Operational procedures for activating envelope encryption on the LangGraph checkpointer when a forward trigger fires.

System reference: Codex system-design/agent-architecture.mdx · ADR-043 D10.


Trigger conditions

Activation triggers are owned by ADR-043 D10 — see the ADR for the authoritative list. The checkpointer relies on disk-level encryption + role-scoped DB access + audit logs + retention cascade until a trigger fires.


Implementation shape

The activation builds an EncryptedSerializer wrapping AsyncPostgresSaver’s SerializerProtocol. Per-domain DEK generated and wrapped via the Supabase key-management substrate (Vault / pgsodium). DEK caching with TTL. Provider-swap seam via KeyManagementProvider protocol per ADR-037 D11.
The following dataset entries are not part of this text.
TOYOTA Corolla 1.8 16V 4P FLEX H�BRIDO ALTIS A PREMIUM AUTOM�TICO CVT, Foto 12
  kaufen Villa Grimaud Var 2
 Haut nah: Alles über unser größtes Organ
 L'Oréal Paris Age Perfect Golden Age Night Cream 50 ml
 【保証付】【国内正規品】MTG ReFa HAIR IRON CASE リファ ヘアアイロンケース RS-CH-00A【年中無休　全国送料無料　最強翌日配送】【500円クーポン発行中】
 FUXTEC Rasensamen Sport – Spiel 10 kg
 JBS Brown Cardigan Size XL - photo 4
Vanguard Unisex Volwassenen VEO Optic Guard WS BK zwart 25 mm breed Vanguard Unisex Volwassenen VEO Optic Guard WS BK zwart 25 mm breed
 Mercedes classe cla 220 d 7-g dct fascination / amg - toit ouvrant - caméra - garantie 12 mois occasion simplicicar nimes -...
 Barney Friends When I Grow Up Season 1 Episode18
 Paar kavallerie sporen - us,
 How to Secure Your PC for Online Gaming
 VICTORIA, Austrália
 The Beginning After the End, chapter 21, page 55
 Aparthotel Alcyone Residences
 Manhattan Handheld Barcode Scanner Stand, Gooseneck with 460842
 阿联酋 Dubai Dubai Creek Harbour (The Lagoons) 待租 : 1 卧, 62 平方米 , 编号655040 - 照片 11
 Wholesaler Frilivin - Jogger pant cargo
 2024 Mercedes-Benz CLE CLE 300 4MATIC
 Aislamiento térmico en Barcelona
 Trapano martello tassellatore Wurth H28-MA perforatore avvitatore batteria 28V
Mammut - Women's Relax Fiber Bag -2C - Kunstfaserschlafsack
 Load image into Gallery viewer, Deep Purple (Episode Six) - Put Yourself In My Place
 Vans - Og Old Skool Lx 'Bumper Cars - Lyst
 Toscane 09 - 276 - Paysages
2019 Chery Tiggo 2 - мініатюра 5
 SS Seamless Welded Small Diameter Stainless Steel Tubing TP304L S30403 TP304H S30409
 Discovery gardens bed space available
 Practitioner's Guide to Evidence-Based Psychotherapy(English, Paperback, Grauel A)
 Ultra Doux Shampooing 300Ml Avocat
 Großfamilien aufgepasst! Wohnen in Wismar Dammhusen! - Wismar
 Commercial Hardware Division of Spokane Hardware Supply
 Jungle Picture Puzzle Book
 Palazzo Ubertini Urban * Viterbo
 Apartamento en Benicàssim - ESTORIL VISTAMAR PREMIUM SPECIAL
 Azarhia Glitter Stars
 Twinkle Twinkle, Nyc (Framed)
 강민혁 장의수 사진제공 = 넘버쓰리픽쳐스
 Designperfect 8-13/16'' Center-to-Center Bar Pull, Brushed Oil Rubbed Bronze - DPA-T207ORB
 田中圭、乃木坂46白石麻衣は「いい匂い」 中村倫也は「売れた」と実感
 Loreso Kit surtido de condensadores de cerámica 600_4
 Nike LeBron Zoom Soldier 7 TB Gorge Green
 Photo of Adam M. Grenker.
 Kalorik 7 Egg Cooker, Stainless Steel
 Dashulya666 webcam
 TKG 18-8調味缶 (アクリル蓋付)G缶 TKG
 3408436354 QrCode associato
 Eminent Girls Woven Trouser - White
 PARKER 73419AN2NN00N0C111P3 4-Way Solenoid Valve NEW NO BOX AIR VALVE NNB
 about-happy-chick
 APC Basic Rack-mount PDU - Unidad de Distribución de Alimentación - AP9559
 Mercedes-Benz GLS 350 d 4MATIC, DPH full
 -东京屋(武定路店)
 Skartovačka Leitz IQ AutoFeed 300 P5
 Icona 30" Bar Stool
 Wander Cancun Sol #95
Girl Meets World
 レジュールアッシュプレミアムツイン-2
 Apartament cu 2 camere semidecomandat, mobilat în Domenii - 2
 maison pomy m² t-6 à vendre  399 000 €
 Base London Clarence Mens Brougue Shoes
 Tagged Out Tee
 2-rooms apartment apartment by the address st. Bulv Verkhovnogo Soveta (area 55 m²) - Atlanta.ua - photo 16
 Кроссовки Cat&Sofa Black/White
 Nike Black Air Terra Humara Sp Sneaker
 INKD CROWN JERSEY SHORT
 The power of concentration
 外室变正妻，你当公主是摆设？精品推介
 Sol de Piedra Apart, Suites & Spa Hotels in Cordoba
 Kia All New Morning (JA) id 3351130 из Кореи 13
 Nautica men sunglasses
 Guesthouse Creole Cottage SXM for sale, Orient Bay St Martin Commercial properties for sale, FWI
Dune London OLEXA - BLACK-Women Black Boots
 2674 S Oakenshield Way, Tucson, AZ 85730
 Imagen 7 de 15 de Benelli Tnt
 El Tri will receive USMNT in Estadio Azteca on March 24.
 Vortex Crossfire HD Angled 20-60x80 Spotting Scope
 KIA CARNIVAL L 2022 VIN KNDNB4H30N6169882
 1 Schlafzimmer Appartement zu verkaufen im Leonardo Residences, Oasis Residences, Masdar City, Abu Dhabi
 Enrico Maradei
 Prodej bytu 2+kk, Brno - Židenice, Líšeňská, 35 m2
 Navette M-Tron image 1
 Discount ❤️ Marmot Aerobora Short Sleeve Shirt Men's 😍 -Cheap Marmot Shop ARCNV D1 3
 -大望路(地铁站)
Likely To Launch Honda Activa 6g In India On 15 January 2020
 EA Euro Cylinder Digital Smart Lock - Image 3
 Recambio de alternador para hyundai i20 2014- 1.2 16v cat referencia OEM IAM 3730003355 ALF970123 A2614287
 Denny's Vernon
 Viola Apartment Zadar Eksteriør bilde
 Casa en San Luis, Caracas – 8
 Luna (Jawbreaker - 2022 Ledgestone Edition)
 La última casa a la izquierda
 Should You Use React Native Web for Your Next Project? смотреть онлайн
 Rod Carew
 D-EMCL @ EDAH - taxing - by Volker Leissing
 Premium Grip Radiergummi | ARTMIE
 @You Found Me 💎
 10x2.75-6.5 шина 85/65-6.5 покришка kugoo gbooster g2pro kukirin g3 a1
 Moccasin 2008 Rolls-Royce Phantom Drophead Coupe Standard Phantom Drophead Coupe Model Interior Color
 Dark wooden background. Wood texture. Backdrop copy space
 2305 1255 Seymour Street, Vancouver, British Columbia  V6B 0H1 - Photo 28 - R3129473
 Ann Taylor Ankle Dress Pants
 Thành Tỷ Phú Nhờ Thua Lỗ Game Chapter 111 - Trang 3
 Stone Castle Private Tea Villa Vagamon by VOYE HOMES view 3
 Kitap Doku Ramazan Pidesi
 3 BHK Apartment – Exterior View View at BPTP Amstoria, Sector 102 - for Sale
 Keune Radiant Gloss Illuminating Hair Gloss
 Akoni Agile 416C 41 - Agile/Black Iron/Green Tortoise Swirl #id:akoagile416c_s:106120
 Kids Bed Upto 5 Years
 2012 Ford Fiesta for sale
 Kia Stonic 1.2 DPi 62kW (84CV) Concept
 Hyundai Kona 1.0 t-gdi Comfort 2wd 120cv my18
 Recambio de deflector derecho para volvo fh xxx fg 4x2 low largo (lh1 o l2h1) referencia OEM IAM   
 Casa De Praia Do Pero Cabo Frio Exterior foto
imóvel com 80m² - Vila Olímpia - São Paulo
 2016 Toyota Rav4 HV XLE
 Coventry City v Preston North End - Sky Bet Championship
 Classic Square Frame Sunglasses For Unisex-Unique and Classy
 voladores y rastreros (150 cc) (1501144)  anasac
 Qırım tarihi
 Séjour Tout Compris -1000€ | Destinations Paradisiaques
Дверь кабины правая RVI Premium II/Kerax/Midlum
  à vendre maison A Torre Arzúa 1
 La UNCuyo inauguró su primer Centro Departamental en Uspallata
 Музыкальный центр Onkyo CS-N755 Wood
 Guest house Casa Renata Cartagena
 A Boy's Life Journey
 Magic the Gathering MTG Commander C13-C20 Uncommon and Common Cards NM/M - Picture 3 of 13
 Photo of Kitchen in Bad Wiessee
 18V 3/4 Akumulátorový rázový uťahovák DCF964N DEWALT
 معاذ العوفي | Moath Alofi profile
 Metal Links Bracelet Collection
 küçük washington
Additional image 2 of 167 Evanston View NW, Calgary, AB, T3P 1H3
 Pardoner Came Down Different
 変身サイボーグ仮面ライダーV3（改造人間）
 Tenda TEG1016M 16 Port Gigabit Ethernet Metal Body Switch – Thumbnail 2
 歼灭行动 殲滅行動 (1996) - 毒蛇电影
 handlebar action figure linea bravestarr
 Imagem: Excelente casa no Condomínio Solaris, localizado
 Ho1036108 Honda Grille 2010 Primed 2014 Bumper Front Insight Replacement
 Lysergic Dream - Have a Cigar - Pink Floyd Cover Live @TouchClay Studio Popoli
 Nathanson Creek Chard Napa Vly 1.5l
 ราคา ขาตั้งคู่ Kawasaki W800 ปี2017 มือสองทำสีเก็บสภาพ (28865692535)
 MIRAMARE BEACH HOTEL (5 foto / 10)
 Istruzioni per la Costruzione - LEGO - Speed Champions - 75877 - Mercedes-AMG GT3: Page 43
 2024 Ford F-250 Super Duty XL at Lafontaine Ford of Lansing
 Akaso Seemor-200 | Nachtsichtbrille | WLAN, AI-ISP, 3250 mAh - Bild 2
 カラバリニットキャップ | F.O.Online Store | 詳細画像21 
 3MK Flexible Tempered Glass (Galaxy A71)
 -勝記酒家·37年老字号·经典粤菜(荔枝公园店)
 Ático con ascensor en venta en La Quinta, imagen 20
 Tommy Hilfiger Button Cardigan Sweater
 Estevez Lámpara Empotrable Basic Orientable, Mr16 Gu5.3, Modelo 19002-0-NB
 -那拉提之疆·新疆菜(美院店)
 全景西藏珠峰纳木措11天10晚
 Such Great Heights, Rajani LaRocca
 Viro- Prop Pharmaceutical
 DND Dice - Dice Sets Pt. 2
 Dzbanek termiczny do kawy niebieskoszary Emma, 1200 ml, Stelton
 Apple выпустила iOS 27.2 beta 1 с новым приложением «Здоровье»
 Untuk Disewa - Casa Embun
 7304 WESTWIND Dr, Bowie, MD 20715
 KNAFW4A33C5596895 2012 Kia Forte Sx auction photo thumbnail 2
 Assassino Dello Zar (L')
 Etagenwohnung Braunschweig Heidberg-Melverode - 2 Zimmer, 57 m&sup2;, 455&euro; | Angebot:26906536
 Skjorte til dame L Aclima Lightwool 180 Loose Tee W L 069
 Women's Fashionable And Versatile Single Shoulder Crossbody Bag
Estimated effort: ~2 engineer-weeks plus master-key provisioning plus rotation runbook authoring.

Components

  1. KeyManagementProvider protocol in spectral.core.crypto.protocols (or domain-appropriate location).
  2. SupabaseVaultKeyProvider impl in spectral_workers infrastructure — the master-key root of trust is the Supabase substrate (Vault / pgsodium), not an external cloud KMS (ADR-037 D12). The provider-swap seam (component 1) keeps an alternate root reachable without a rewrite if a future requirement demands it.
  3. EncryptedSerializer wrapping the checkpointer’s serializer (the LangGraph default; provider-swap seam preserved).
  4. Per-domain DEK lifecycle:
    • Generate DEK on domain creation; wrap with the Vault master key; store wrapped DEK in platform.domain_keys (or analogous).
    • Cache unwrapped DEK in process memory with TTL (default 1 h).
    • Rotate the Vault master key per quarterly cadence; re-wrap DEKs without re-encrypting payloads.

Migration

When activated:

  1. Land platform.domain_keys migration.
  2. Provision the Vault master key per environment (a pgsodium key id held in Supabase Vault).
  3. Deploy a backfill job that generates per-domain DEKs for existing domains.
  4. Deploy the workers update with EncryptedSerializer enabled via feature flag.
  5. Re-encrypt existing checkpointer rows (one-time backfill; runs in workers).
  6. Remove the feature flag once backfill completes.

Verification

After activation:

-- Confirm checkpointer rows are encrypted (payloads should be base64 ciphertext, not the cleartext serializer output)
SELECT pg_typeof(state), octet_length(state)
FROM langgraph.checkpoints
LIMIT 10;

A roundtrip test confirms the workers can decrypt and resume an arbitrary thread.


Rotation

Quarterly cadence (mirrors the ADR-062 D5 secrets rotation).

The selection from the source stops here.